# Exercise prompt:
Go through the entries below and print, exactly, the lines starting at the one with "Ver imagem 3" and ending at the one with "used 2019 Acura MDX car, priced at $18,999", keeping both ends and no others.

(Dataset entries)

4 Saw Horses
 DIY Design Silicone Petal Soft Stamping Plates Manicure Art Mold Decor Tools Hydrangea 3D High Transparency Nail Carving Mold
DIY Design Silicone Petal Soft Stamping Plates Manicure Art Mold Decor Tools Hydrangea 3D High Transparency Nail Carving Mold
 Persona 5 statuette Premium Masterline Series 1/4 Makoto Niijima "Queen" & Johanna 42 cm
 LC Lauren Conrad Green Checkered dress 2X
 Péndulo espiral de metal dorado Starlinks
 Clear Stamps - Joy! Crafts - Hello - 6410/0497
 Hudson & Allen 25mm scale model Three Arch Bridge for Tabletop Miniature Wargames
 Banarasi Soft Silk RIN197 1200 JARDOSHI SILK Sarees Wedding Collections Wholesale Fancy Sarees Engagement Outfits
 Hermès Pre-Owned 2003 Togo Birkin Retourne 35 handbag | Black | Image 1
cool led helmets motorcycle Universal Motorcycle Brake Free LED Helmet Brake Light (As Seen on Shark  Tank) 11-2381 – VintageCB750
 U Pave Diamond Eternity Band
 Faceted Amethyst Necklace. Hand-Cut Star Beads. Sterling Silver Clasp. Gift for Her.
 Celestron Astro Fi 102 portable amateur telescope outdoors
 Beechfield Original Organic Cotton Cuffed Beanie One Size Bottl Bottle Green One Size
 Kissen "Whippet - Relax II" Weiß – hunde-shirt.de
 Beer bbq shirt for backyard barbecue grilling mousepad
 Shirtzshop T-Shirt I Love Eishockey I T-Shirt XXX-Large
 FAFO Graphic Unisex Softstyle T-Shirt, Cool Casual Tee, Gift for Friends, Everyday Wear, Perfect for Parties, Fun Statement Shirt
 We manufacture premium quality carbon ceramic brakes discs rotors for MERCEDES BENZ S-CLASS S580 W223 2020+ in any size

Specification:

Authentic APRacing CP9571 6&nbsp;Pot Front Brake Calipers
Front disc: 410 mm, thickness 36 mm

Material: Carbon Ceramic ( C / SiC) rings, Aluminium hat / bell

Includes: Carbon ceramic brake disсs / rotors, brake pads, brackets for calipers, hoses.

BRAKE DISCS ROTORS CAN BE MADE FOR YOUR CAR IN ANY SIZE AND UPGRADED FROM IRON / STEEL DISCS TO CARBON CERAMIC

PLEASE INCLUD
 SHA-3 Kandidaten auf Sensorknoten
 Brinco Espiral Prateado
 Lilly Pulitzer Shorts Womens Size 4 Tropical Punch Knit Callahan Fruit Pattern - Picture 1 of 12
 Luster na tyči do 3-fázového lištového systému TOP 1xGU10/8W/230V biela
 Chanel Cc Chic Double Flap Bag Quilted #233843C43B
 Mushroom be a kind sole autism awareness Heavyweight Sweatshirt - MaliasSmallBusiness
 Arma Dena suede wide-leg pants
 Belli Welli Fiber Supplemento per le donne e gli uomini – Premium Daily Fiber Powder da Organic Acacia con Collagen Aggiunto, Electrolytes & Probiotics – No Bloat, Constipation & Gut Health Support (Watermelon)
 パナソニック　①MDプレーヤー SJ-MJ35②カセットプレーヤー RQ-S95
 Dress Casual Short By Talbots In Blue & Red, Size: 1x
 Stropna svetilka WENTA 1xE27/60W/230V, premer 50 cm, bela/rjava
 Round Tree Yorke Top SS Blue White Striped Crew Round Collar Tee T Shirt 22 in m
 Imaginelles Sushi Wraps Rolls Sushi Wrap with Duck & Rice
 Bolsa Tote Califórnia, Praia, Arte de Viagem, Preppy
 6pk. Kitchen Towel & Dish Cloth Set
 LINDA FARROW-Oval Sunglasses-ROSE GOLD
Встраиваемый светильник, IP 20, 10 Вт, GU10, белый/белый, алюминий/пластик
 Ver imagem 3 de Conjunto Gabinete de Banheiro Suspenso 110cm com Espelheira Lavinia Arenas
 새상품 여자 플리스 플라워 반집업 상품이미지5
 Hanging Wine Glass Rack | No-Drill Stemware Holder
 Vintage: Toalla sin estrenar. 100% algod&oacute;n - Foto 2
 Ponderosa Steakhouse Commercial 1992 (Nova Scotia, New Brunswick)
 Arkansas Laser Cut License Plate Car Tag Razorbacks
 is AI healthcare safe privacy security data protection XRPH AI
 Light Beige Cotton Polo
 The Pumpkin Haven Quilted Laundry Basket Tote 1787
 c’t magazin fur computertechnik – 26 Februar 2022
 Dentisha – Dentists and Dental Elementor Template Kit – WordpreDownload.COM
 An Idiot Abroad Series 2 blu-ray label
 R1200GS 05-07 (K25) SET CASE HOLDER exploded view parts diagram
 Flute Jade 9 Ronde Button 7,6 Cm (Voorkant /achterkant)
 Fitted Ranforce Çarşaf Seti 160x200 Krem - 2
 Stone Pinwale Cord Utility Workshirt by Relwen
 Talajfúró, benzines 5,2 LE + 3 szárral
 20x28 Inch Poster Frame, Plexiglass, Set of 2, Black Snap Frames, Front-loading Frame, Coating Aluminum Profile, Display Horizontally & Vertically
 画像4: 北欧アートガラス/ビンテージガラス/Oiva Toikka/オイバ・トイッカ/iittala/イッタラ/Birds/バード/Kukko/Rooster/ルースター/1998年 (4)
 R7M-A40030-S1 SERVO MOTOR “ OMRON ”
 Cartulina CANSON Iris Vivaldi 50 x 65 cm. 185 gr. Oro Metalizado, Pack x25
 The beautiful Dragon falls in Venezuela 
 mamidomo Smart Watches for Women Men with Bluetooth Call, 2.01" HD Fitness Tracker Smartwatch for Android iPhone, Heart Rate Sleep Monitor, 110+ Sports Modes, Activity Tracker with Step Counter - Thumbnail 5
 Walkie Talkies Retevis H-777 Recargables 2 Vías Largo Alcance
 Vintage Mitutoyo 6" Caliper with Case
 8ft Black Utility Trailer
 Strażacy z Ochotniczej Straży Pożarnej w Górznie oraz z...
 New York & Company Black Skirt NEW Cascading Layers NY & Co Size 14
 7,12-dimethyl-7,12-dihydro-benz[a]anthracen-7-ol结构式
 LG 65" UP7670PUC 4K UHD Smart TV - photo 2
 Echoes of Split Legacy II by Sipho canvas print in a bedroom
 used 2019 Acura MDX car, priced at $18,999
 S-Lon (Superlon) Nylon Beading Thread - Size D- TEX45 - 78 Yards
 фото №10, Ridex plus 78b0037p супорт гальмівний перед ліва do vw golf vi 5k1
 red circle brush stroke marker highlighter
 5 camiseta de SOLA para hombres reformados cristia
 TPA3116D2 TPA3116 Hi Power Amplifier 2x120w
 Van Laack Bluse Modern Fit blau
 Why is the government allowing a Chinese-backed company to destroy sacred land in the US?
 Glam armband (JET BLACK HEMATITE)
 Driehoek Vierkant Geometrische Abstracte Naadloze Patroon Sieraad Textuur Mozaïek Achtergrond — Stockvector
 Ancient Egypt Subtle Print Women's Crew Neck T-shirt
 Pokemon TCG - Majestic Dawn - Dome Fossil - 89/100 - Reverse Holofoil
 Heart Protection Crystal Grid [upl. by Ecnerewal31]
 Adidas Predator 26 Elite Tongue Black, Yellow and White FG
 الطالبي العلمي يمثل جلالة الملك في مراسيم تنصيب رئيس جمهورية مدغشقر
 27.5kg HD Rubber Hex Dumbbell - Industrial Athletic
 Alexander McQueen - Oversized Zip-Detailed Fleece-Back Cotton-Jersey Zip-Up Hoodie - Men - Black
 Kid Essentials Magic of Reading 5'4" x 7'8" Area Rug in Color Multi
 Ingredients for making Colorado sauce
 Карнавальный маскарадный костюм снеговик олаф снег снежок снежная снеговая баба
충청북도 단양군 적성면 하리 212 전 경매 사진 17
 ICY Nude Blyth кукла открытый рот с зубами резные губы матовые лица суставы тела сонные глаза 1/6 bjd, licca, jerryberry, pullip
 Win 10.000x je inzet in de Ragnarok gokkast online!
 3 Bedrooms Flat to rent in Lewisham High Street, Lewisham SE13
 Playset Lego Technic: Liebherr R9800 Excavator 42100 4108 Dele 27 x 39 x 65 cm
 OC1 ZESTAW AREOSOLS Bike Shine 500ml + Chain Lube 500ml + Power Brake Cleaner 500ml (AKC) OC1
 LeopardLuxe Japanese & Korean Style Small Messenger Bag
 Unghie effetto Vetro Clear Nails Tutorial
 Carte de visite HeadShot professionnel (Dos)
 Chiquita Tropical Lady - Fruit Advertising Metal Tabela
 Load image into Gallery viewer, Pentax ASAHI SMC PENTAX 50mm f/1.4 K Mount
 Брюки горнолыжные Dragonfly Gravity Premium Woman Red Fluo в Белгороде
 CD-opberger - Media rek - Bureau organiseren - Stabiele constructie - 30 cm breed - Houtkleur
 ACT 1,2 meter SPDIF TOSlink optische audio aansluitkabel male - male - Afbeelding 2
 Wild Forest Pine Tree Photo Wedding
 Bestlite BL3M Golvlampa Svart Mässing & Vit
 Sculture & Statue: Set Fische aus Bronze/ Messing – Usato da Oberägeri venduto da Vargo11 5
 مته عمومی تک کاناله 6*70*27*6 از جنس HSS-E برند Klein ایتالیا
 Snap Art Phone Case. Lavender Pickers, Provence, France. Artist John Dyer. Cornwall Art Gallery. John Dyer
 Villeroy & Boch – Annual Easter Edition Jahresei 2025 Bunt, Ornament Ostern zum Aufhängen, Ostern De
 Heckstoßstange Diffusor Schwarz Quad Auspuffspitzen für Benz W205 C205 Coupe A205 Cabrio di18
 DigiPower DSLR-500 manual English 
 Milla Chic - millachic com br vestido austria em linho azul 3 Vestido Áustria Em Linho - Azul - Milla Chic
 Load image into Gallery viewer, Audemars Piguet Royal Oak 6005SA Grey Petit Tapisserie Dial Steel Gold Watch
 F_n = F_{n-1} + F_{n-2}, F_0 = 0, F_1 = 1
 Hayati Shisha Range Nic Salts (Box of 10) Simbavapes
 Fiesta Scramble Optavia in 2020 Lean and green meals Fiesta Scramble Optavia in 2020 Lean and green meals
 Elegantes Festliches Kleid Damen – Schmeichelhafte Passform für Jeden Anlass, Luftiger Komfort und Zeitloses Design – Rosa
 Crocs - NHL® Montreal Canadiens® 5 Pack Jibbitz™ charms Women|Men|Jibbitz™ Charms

# The answer:
 Ver imagem 3 de Conjunto Gabinete de Banheiro Suspenso 110cm com Espelheira Lavinia Arenas
 새상품 여자 플리스 플라워 반집업 상품이미지5
 Hanging Wine Glass Rack | No-Drill Stemware Holder
 Vintage: Toalla sin estrenar. 100% algod&oacute;n - Foto 2
 Ponderosa Steakhouse Commercial 1992 (Nova Scotia, New Brunswick)
 Arkansas Laser Cut License Plate Car Tag Razorbacks
 is AI healthcare safe privacy security data protection XRPH AI
 Light Beige Cotton Polo
 The Pumpkin Haven Quilted Laundry Basket Tote 1787
 c’t magazin fur computertechnik – 26 Februar 2022
 Dentisha – Dentists and Dental Elementor Template Kit – WordpreDownload.COM
 An Idiot Abroad Series 2 blu-ray label
 R1200GS 05-07 (K25) SET CASE HOLDER exploded view parts diagram
 Flute Jade 9 Ronde Button 7,6 Cm (Voorkant /achterkant)
 Fitted Ranforce Çarşaf Seti 160x200 Krem - 2
 Stone Pinwale Cord Utility Workshirt by Relwen
 Talajfúró, benzines 5,2 LE + 3 szárral
 20x28 Inch Poster Frame, Plexiglass, Set of 2, Black Snap Frames, Front-loading Frame, Coating Aluminum Profile, Display Horizontally & Vertically
 画像4: 北欧アートガラス/ビンテージガラス/Oiva Toikka/オイバ・トイッカ/iittala/イッタラ/Birds/バード/Kukko/Rooster/ルースター/1998年 (4)
 R7M-A40030-S1 SERVO MOTOR “ OMRON ”
 Cartulina CANSON Iris Vivaldi 50 x 65 cm. 185 gr. Oro Metalizado, Pack x25
 The beautiful Dragon falls in Venezuela 
 mamidomo Smart Watches for Women Men with Bluetooth Call, 2.01" HD Fitness Tracker Smartwatch for Android iPhone, Heart Rate Sleep Monitor, 110+ Sports Modes, Activity Tracker with Step Counter - Thumbnail 5
 Walkie Talkies Retevis H-777 Recargables 2 Vías Largo Alcance
 Vintage Mitutoyo 6" Caliper with Case
 8ft Black Utility Trailer
 Strażacy z Ochotniczej Straży Pożarnej w Górznie oraz z...
 New York & Company Black Skirt NEW Cascading Layers NY & Co Size 14
 7,12-dimethyl-7,12-dihydro-benz[a]anthracen-7-ol结构式
 LG 65" UP7670PUC 4K UHD Smart TV - photo 2
 Echoes of Split Legacy II by Sipho canvas print in a bedroom
 used 2019 Acura MDX car, priced at $18,999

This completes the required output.